Sigmoid Neuron: It can takes input from 0 to 1. write the equation 

Input Layer: Input Neurons

Hidden (Middle) Layer: Hidden Neurons

Output Layer: Output Neurons

Gradient Descent: x -> Traning Input, y = y(x) corresponding desired output
    Cost function $$ C(w, b) = \frac{1}{2n} \sum_x \| y(x) - a \|^2 $$
    Lets think $(w,b) -> (v1, v2)$
    Change in cost function: $$ \Delta C \approx \frac{\partial C}{\partial v_1} \Delta v_1 + \frac{\partial C}{\partial v_2} \Delta v_2 $$
    Need to find a way of choosing $\Delta v_1$ & $\Delta v_2$ so that $\Delta C$ is negative. Let, $\Delta v \equiv (\Delta v_1, \Delta v_2)^T $. Let also denote the gradient vector $$\nabla C \equiv (\frac{\partial C}{\partial v_1}, \frac{\partial C}{\partial v_2})$$. So, $\Delta C \approx  \nabla C \cdot \Delta v$. As we need to get, $\Delta C \lt 0$, we pick $\Delta v=-\eta \nabla C$, where $\eta$ is learning rate. Hence, $\Delta C \approx (-\eta \nabla C)\cdot \nabla C = -\eta \|\nabla C\|^2 $ i.e., $C$ will decrease. So, $v \rightarrow v' = v - \eta \nabla C$. This can be extended for any number of variables.


Excercise 1: The goal is to minimize the cost $C$ in such a way that the cost $C$ goes down as much as possible.

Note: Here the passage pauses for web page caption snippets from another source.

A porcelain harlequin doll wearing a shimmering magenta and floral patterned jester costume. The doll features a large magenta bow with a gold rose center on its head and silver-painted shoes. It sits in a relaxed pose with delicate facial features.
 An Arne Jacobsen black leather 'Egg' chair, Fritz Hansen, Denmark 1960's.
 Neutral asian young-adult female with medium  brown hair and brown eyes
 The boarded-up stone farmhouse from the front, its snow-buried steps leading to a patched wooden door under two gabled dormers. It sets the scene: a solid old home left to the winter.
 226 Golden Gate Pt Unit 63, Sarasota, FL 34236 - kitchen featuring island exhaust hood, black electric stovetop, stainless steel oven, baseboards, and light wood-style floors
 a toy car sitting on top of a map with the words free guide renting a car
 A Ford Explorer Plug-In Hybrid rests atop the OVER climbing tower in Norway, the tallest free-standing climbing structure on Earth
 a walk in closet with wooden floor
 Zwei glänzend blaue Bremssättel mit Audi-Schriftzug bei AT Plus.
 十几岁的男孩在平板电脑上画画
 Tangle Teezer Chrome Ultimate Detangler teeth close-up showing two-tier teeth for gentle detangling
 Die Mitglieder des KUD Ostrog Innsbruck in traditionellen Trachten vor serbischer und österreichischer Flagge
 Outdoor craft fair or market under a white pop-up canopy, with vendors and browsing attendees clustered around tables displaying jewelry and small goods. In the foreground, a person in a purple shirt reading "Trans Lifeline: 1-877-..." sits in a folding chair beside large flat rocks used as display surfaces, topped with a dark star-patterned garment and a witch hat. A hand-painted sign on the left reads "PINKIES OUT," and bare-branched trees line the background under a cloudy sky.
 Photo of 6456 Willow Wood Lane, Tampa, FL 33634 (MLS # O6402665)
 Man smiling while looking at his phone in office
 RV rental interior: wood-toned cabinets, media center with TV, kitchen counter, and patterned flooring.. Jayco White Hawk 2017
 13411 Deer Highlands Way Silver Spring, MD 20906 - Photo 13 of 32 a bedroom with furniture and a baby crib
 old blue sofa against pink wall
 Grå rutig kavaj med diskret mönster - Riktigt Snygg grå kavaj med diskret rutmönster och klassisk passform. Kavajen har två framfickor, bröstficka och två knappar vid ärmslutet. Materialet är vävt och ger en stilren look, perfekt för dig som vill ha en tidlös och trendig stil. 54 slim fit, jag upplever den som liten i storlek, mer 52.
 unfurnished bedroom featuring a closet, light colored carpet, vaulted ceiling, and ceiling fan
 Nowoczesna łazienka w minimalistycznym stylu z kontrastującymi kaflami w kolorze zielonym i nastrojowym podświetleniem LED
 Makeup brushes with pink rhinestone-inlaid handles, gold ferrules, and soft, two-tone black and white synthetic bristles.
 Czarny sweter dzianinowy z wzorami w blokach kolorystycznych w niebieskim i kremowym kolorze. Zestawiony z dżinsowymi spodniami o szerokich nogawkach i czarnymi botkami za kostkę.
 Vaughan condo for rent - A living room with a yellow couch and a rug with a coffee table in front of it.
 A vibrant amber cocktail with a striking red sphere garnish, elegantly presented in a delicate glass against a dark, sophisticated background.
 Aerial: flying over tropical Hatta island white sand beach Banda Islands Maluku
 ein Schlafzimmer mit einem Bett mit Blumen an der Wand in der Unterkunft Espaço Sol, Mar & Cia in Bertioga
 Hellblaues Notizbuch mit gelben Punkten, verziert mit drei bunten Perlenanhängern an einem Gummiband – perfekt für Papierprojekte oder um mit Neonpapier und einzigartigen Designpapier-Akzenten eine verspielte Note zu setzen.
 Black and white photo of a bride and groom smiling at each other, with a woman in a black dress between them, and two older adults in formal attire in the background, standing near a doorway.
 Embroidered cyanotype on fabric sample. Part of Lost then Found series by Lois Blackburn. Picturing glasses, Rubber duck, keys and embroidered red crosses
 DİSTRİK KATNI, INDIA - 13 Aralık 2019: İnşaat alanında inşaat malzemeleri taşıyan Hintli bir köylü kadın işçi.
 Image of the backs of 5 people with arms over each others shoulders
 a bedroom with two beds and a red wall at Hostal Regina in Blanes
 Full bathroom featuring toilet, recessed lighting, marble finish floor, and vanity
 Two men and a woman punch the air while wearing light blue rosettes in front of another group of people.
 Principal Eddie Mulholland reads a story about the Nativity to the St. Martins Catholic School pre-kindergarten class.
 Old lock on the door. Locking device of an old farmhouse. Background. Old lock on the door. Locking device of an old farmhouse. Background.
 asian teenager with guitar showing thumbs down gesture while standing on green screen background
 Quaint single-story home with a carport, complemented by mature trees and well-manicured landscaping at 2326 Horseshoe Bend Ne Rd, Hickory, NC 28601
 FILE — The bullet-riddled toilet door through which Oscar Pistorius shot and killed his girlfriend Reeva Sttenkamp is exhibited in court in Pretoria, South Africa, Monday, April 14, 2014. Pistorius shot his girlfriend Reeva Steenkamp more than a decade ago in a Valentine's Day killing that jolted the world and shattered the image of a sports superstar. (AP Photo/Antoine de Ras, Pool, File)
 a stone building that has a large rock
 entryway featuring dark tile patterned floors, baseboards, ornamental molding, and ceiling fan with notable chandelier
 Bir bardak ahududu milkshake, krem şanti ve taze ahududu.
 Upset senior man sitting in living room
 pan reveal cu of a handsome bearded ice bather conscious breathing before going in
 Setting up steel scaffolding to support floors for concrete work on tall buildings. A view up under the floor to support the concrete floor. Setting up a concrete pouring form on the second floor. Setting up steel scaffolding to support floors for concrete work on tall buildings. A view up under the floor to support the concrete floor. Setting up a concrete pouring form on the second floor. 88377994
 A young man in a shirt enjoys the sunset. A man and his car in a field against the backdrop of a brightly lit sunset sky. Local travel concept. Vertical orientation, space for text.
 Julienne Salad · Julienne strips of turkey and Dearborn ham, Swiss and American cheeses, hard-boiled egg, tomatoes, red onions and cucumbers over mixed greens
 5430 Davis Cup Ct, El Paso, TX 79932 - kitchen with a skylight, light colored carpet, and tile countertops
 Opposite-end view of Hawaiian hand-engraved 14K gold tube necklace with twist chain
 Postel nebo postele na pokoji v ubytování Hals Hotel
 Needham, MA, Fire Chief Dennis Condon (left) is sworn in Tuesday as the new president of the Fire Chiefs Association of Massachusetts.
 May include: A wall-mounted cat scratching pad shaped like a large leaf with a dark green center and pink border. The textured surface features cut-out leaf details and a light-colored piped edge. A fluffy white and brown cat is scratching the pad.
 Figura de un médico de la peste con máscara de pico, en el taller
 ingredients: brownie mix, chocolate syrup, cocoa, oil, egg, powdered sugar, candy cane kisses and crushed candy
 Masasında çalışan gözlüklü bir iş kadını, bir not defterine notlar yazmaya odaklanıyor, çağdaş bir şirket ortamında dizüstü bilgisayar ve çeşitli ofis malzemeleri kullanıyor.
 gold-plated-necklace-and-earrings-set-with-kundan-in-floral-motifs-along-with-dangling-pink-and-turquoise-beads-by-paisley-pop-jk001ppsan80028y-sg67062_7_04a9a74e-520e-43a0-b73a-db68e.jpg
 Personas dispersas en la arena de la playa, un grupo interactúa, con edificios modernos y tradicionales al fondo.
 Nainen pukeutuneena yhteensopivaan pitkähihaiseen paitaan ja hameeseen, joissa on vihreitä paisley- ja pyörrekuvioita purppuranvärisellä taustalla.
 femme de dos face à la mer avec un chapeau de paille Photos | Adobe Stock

Let's the limit the size of the change to a fixed value, $ \|\Delta v\| = \epsilon$. As a first order of approximation $\Delta C \approx  \nabla C \cdot \Delta v$. Now the objective is to choose a vector $\Delta v$ of fixed length $\epsilon$ that minimizes $\nabla C \cdot \Delta v$. The dot product of $\nabla C \cdot \Delta v$ is $\|\nabla C\|\cdot \|\Delta v\| \cos(\theta)$. To minimize this, $\cos(\theta) = -1$ since $ \|\Delta v\| = \epsilon$, the smallest value of the dot product is $-\|\nabla C\|\cdot \epsilon$, hence $\eta = \epsilon / \|\nabla C\|$.

Excecise 2: For $1D$, the "gradient" is just the slope of the line.

Writing out the gradient descent update rule in terms of components, we have:

$$
w_k \rightarrow w_k' = w_k - \eta \frac{\partial C}{\partial w_k} 
$$

$$
b_l \rightarrow b_l' = b_l - \eta \frac{\partial C}{\partial b_l} 
$$

**Stochastic Gradient Descent:** Estimate the gradient $\nabla C$ by computing  $\nabla C_x$ for a small sample of randomly chosen training examples.

$$
\frac{1}{m} \sum_{j=1}^{m} \nabla C_{x_j} \approx \frac{1}{n} \sum_{x} \nabla C_{x} = \nabla C
$$

$$
w_k \rightarrow w_k' = w_k - \frac{\eta}{m} \sum_j \frac{\partial C_{X_j}}{\partial w_k}
$$

$$
b_l \rightarrow b_l' = b_l - \frac{\eta}{m} \sum_j \frac{\partial C_{X_j}}{\partial b_l}
$$



In [1]:
import numpy as np

In [None]:
class Network(object):
    def __init__(self, sizes):
        """Initialize the network with a list of sizes."""
        self.num_layers = len(sizes) # number of layers in the network
        self.sizes = sizes # number of neurons in each layer
        self.biases = [np.random.randn(cur, 1) for cur in sizes[1:]] # biases for each layer (except the input layer)
        self.weights = [np.random.randn(prev, cur) for prev, cur in zip(sizes[:-1], sizes[1:])] # weights for each layer (except the input layer)
    def feedforward(self, a):
        """Return the output of the network given input a."""
        for b, w in zip(self.biases, self.weights):
            a = sigmoid(np.dot(w, a) + b)
        return a
    
    def SGD(self, training_data, epochs, mini_batch_size, eta, test_data=None):
        """Train the network using mini batch stochastic gradient descent (SGD). The 
        training_data is a list of tuples (x, y) where x is the input and y is the expected output.
        The test_data is a list of tuples (x, y) for evaluating the performance of the network. Other parameters
        are epochs (number of iterations), mini_batch_size (size of each mini batch), and eta (learning rate)."""
        if test_data: n_test = len(test_data)
        n = len(training_data)
        for j in range(epochs):
            np.random.shuffle(training_data)
            mini_batches = [training_data[k:k+mini_batch_size] for k in range(0, n, mini_batch_size)]
            for mini_batch in mini_batches:
                self.update_mini_batch(mini_batch, eta)
            if test_data:
                print(f"Epoch {j}: {self.evaluate(test_data)} / {n_test}")
            else:
                print(f"Epoch {j} complete")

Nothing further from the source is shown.